Ideas for Simple Cooking Games 

Here are a few ideas for games grandparents can play with their grandchildren in the kitchen. Some are messier than others!

1: Junior MasterChef – suitable for grandkids over the age of 5. Teach them about balanced meals by getting out a selection of foods from the major food groups, then asking them to come up with an idea for something nice to eat using as many of the groups as they can. Remember, you can control how complicated the game is by choosing simple ingredients. A ham, cheese and salad sandwich, for example, covers most of the main groups and doesn’t even need an oven!

2: The Equipment Game – suitable for grandchildren over the age of 3. You can play one of two ways, dependent on how old your grandkids are.

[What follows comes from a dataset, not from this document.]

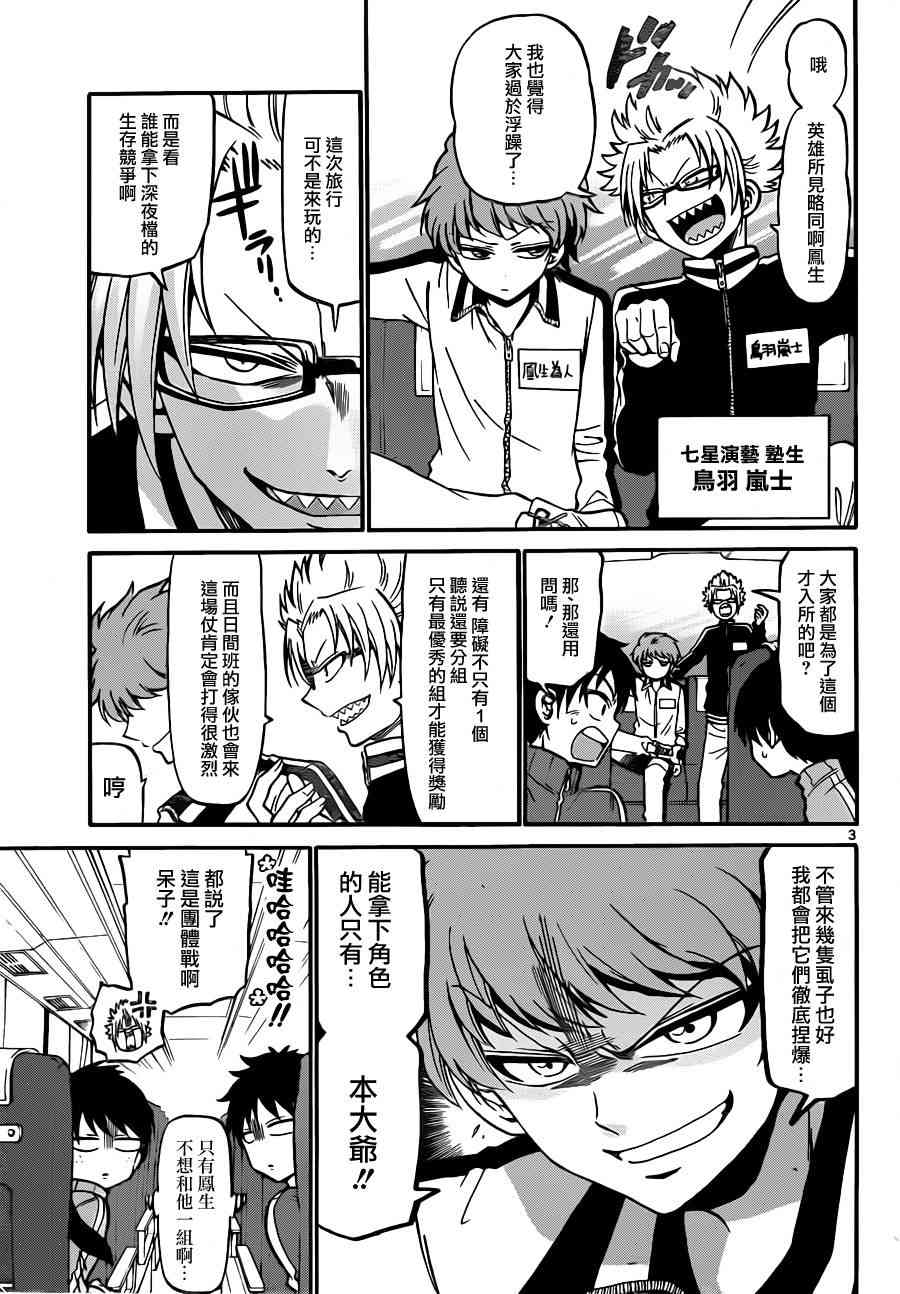 天籁之声的天使 - 第25话 - 第4张图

Either set out a range of equipment you know is safe (for younger grandkids), and ask them which bits they would use to make different foods; or (with older grandkids) ask them to find the right equipment for specific food.

3: Grandma/Grandpa’s Menu – tell your grandchildren something you really like to eat, and then ask them to help you make it. Then get your grandkids to tell you something they really like to eat: and this time, it’s their turn to get you doing the work!


Cooking with grandchildren  is fun, educational and a really important way to spend time together. Who knows what you’ll cook up?!